The coproduced publication of Maria de Zayas's La traicion en la amistad, with introduction and Spanish edition by Valerie Hegstrom, and facing English translation by Catherine Larson, is a fine example of the fruits of this new field of investigation. Professor Hegstrom's introduction is concise but illuminating; situating Zayas's only surviving play in the context of the other key female dramatists such as Ana Caro Mallen de Soto and Sor Juana Ines de Ia Cruz. While Caro is undoubtedly the most widely disseminated, with her play El conde Partinuples becoming "the only female-authored comedia in more than a hundred 'partes' printed in the seventeenth century and thereafter"(13), these female-authored works are intellectually and aesthetically stimulating. Sor Juana's Los empenos de una casa is another case in point, with its boldly ironic treatment of Calderon's comedias.
Hegstrom's analysis of the play (ca. 1632) conveys the obsession with love, honor, and jealousy that consumed the nobility, underscoring Zayas's desire to expose the duplicity and generally ignoble nature of the court, which, of course, centers on relations between the sexes -- the global theme of her Novelas amorosas of 1637 and 1647. Citing the work of such critics as Matthew Stroud and Constance Wilkins, Hegstrom presents Zayas's play as engaged in witty dialogue with Tirso's El burlador de Sevilla, with Fenisa, the mujer varonil of the piece, behaving as a "Dona Juana." Like Don Juan, Fenisa claims to have "dozens of lovers": "I love them, esteem and adore the ugly and the handsome ones, young boys and old men, rich and poor, and only because they are all male.
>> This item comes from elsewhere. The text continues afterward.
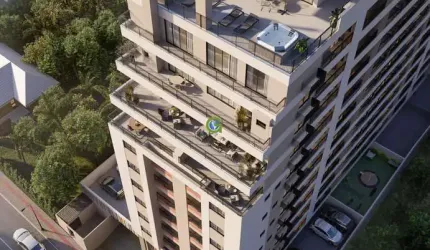 Scire Connect - 2 dormitórios 1 suíte, possui 53,68 m² de área privativa!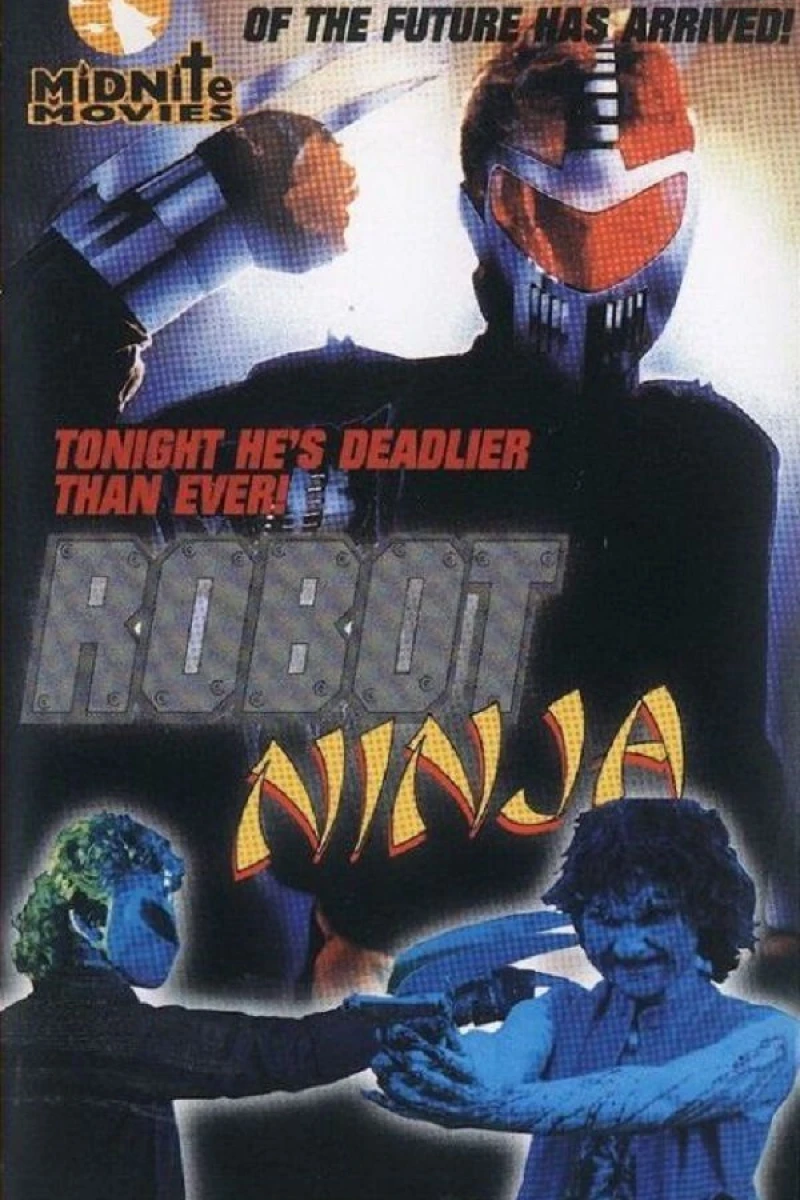 Robot Ninja Juliste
I have the same disease that heaven has, because since God has room for everyone near him, I can make room for all those men inside my heart"(169).
What is particularly intriguing about this comedia is the question of the degree to which it offers a gendered perspective, a logical issue given that women writers are addressing a number of hegemonic patriarchal institutions and attitudes. Not surprisingly, like Zayas's extensive novelistic production, this play has generated a number of interpretations. Citing such critics as Teresa Soufas, Susan Paun de Garcia and Sharon Voros, Hegstrom illustrates the range of readings to which the play has given rise; from those who see it as a bold instance of female bonding to other readers who find the work to be ultimately inconclusive with respect to gender issues. Hegstrom is right in saying that La traicion en la amistad "questions either/or readings and problematizes women's responses to patriarchy and to dramatic theatrical convention" (23).
The "Editor's Note" provides a clear discussion of the criteria Hegstrom has adopted, e.g., a judicious balance between the original text and modernized spelling that makes the play more accessible to the non-specialist reader. Professor Larson's "Editor's Note" is equally well reasoned, explaining her choice of English prose rather than verse (Zayas's medium) in order to guarantee greater coherence and readability for her audience. The translation succeeds very well in communicating the Spanish -- its semantic nuances, diverse linguistic registers, and jokes.
This collaborative effort is further enhanced by explanatory footnotes detailing literary allusions, grammatical ambiguities, and manuscript issues. A helpful metrical scheme of the various poetic forms Zayas exploits, as well as a bibliography of editions, translations, and critical essays provides further resources.
This is a very welcome volume, not only for Hispanists, but for English readers of continental European theater, of comparative literature, and of gender studies as well.